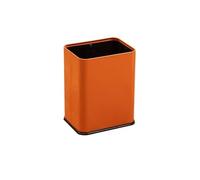 XXAD553TY Ascensores Papelera abierta, papelera de acero inoxidable con bolsa interior, papeleras for baños restaurantes Cubo de Basura Cocina(Orange)
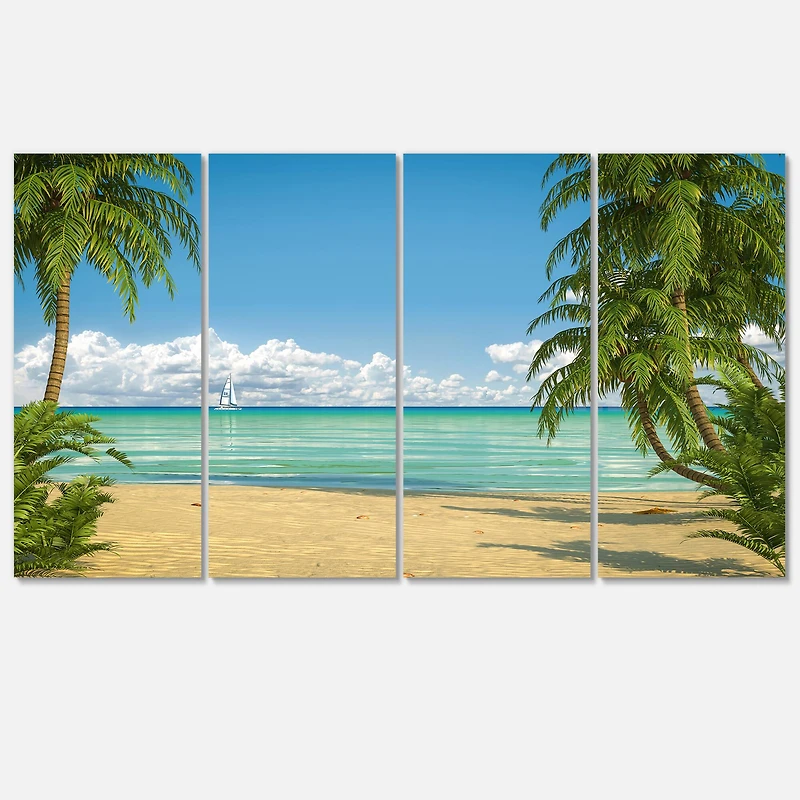 Designart - Palms at Caribbean Beach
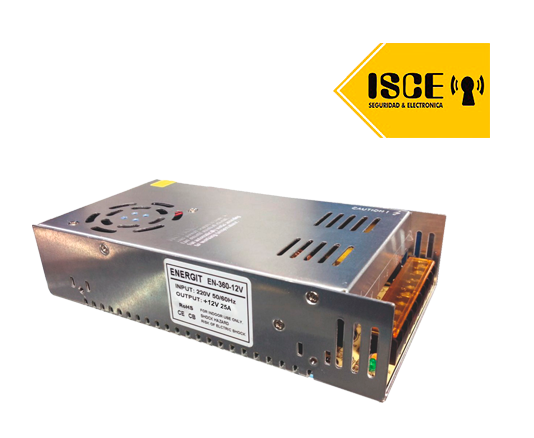ENERGIT FUENTE SWITCHING IN: 100V-240V AC OUT: 12V DC 25 AMP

→ TASK DIRECTIONS: Transcribe the full listing exactly, but keep every image out of it.

→ PROBLEM SOLUTION:
 XXAD553TY Ascensores Papelera abierta, papelera de acero inoxidable con bolsa interior, papeleras for baños restaurantes Cubo de Basura Cocina(Orange)
 Designart - Palms at Caribbean Beach
ENERGIT FUENTE SWITCHING IN: 100V-240V AC OUT: 12V DC 25 AMP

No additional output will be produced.